Wednesday, February 22, 2017

The Hundred Thousand Kingdoms

When the universe was created there was only NyQuil. Then DayQuil. They both love each other but they are enemies. They have children called 'Enedryl, Zicam and my favorite, 'Tussin. This is close enough to the mythology in The Hundred Thousand Kingdoms.


The world worships DayQuil (I mean you have to go back to work sometime) but our hero is both scared of but secretly falls for NyQuil.  Duh, we all love NyQuil the best, even if that's reckless. He might be bad for us. When you love NyQuil you do crazy things like email your boss in Esperanza or buying three pounds of goji berries on the Internet.

I didn't really enjoy this book.  The mortals in this book are pretty despicable and then our hero Yiene...I just can't relate.  She makes decisions solely based on her id.  She has a "temper" and there is some really crappy sex scenes/romance with a "bad boy." (could be someone that tried to kill her 100 pages previously) but it's fine. Everything is fine. So exciting. Sigh. I guess it's a spoiler to tell you she has sex with NyQuil.....which everyone knows you are SUPPOSED to quit after seven days.

I think having a god for a boyfriend would be problematic. I mean, he probably still farts in his sleep and will make you drop what you are doing because he can't find his me-damn socks! Anyway, this book wasn't my thing. I have heard her more recent series is better but I'm too dubious to give her a second chance, there being a lot of fantasy out there to read and all.

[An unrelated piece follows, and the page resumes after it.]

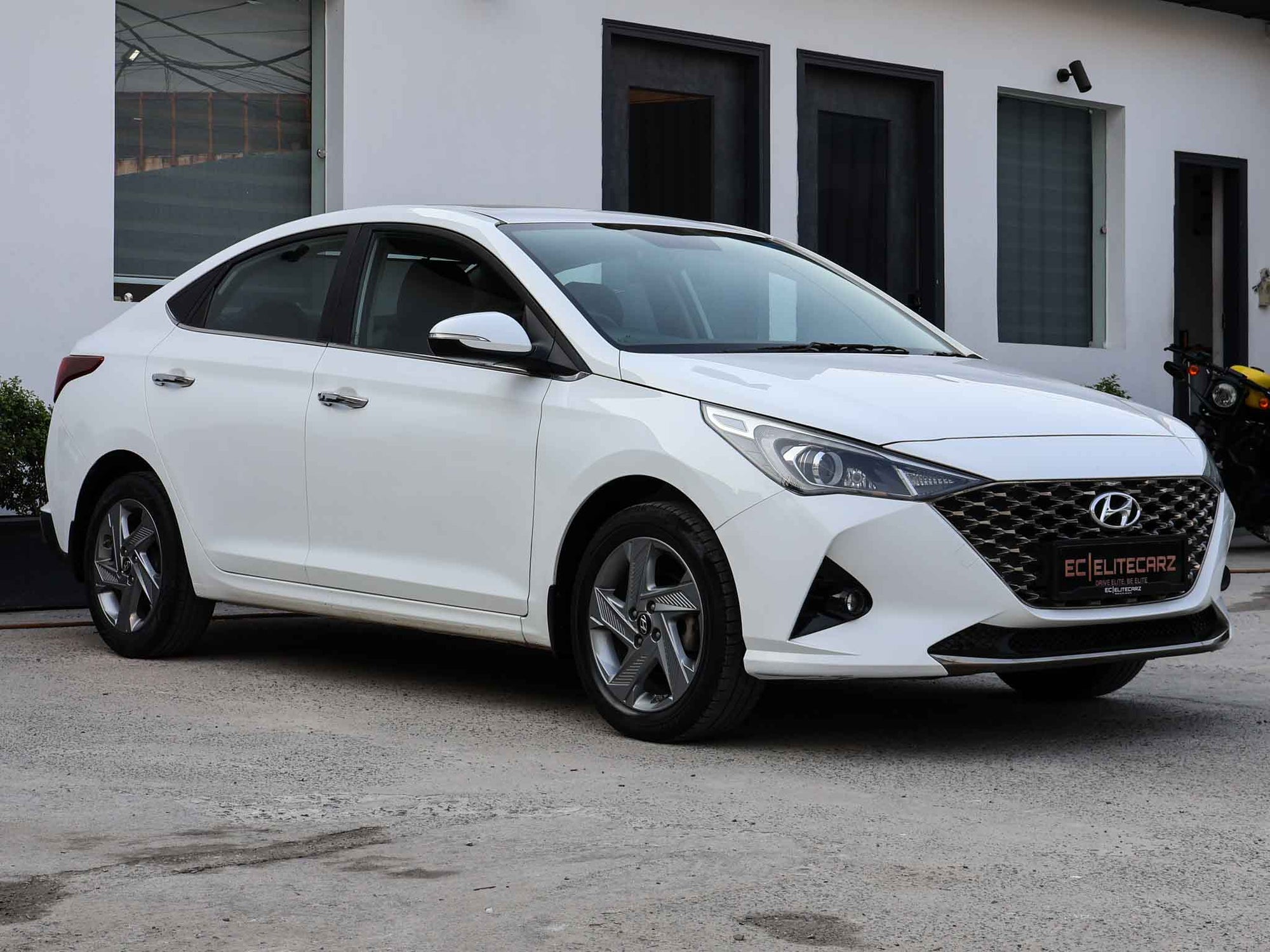 Hyundai Verna SX 1.5 MPI MT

Hey if you haven't guessed it I was sick when I read this. I did make this is amazing cocktail right before I got sick. Cognac French 75 (which I made with Brandy) 1 and 1/2 ounces cognac or brandy, 1/2 ounce simple syrup, 1/2 ounce fresh lemon juice.  Put these in a cocktail shaker with ice, shake and strain into a martini glass.  Top with champagne (I used prosecco).  Super yummy.

Monday, February 13, 2017

River of Doubt

I think it's safe to say that Theodore Roosevelt was our "toughest" President.  I don't mean his military or economic policies no, I mean the man got shot during a campaign speech and finished it bleeding through his shirt. No big deal. What the actual Eff.  Maniac.  He liked having wilderness adventures when he felt stressed. When he tried to run as a third party candidate in 1912 he lost.  So what to do...what to do....I know, go on a Amazon river adventure that was insanely dangerous. Good plan.

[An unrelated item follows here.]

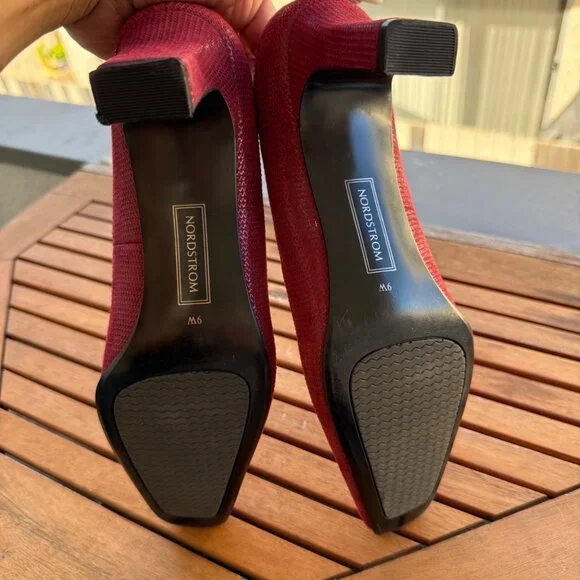 Nordstrom Red Textured Square Toe Heels NWOB Size 9W - Picture 7 of 7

I'm good now on Amazon adventures. (I read The Lost City of Z about 5 years ago).  I have learned most everything in the Amazon can kill you and probably will. Parasites, bot-flies, piranhas, rotten feet, rapids, indigenous people who will kill you (but might not bother that day), alligators and snakes. Plus malaria and those crazy frogs.  It may be worse than Australia. Pretty much you're going to die.  It's still spooky there. Do you want dengue fever? No, well, it's too late you've got it now. The only thing that won't kill you are these cute little sloths.

By the way, Roosevelt's party would have eaten this little guy if they could see them. But in the wild sloths are covered with green algae which makes them camouflaged. Anyway, they had some scary adventures and people died.  River of Doubt is well researched and written, even if there are parts that a little slow.  At one point I had to tell myself to PADDLE PADDLE to get through to the next part.

Still, I can't see any of our ex-Presidents doing something like this adventure.  Even "nice-guy" Jimmy Carter: "I've looked at a lot of these monkeys with lust.  I've committed adultery in my heart many many times." George W Bush, "Mission Accomplished." Um, sir we haven't even left the Dallas Ft. Worth airport. No, they don't make um like Theodore Roosevelt anymore. (psst...I'm glad he wasn't my Dad though...maniac).

There was a couple of bottles of scotch on the trip which had to be rationed.  Why not read this book with a Smoking Pistol (seems appropriate) from Imbibe Magazine:  3/4 oz scotch, 3/4 oz. sweet vermouth, 1/2 oz. Rye, 1/4 ounce Armagnac,  a bar-spoon of Benedictine,  2 dashes of Peychaud's Bitters, 1 dash of Angostura bitters.  Put these ingredients in a mixing glass and stir until chilled. Twist a lemon peel over the top of the drink and discard.  Be glad you don't have malaria.